Faggiano Antongiulio, Sabourin Jean-Cristophe, Ducreux Michel, Lumbroso Jean, Duvillard Pierre, Leboulleux Sophie, Dromain Clarisse, Colao Annamaria, Schlumberger Martin, Baudin Eric
Department of Nuclear Medicine and Endocrinological Oncology, Gustave-Roussy Institute, Villejuif, France.
Cancer. 2007 Jul 15;110(2):265-74. doi: 10.1002/cncr.22791.
Poorly differentiated large cell neuroendocrine carcinomas (LCNEC) comprise a rare and still scarcely known subgroup of neuroendocrine tumors. The objective of this study was to investigate the epidemiology, clinical presentation, prognostic factors, and molecular pathways of patients with poorly differentiated LCNEC.
Forty-one patients who had a confirmed diagnosis of poorly differentiated LCNEC according to the criteria of the most recent World Health Organization classification of neuroendocrine tumors of the lung entered the study. The clinicopathologic features of patients with poorly differentiated LCNEC were reviewed, prognostic parameters for their survival were studied, and the prognostic roles of the proteins involved in cell cycle regulation were investigated with tissue array analysis in a subset of patients with LCNEC.
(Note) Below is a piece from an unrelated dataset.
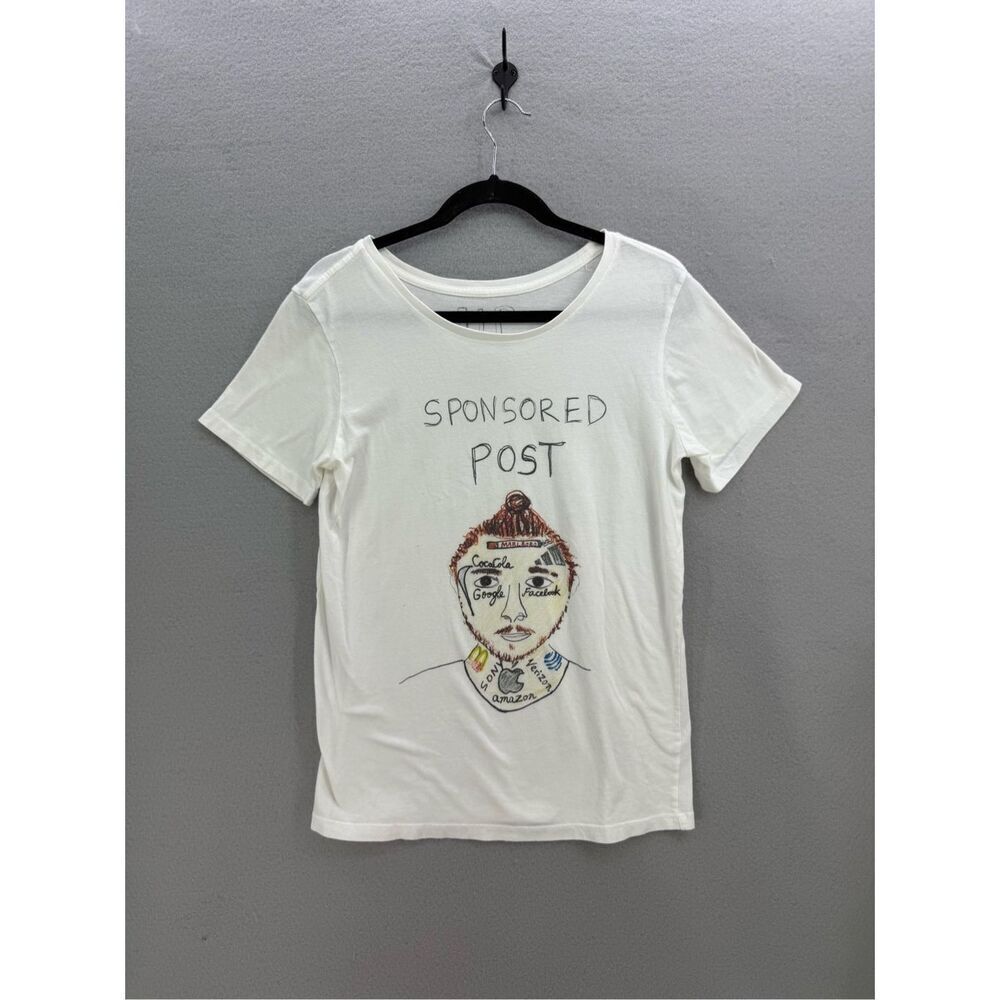 Unfortunate Portrait Men White Sponsored Post Malone Graphic T-Shirt Large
Twenty-four men and 17 women with a median age of 63 years (age range, 26-81 years) who had LCNEC were studied. LCNEC developed after therapy for a first cancer in 14% of patients. Neither a personal or familial history of endocrine tumors nor a primary association that was compatible with an inherited syndrome was observed. The increase of at least 1 serum biologic marker was observed in 93% of patients. A primary tumor was identified in only 63% patients. Thirty-one patients had distant metastases, and 10 patients had only lymph node metastases at the time of the diagnosis. The 5-year survival rate was 24%. High mitotic count, low expression of neuroendocrine markers, and a Bcl-2/Bax ratio > 1 were unfavorable prognostic factors for survival (P < .01). All patients who had isolated peripheral lymph node LCNEC achieved a cure.
The results from this study highlighted distinctive clinical features and prognostic indicators of poorly differentiated LCNEC. Peripheral isolated lymph node clinical presentation is proposed as a new clinical entity.
低分化大细胞神经内分泌癌(LCNEC)是神经内分泌肿瘤中一个罕见且仍知之甚少的亚组。本研究的目的是调查低分化LCNEC患者的流行病学、临床表现、预后因素和分子途径。
根据世界卫生组织最新的肺神经内分泌肿瘤分类标准确诊为低分化LCNEC的41例患者进入本研究。回顾了低分化LCNEC患者的临床病理特征,研究了其生存的预后参数,并在一部分LCNEC患者中通过组织芯片分析研究了参与细胞周期调控的蛋白质的预后作用。
研究了24例男性和17例女性LCNEC患者,中位年龄63岁(年龄范围26 - 81岁)。14%的患者在首次癌症治疗后发生LCNEC。未观察到内分泌肿瘤的个人或家族史,也未观察到与遗传综合征相符的原发性关联。93%的患者观察到至少一种血清生物标志物升高。仅63%的患者发现原发性肿瘤。31例患者有远处转移,10例患者在诊断时仅有淋巴结转移。5年生存率为24%。高有丝分裂计数、神经内分泌标志物低表达以及Bcl-2/Bax比值>1是生存的不良预后因素(P <.01)。所有孤立性外周淋巴结LCNEC患者均治愈。
本研究结果突出了低分化LCNEC独特的临床特征和预后指标。外周孤立淋巴结临床表现被提议作为一种新的临床实体。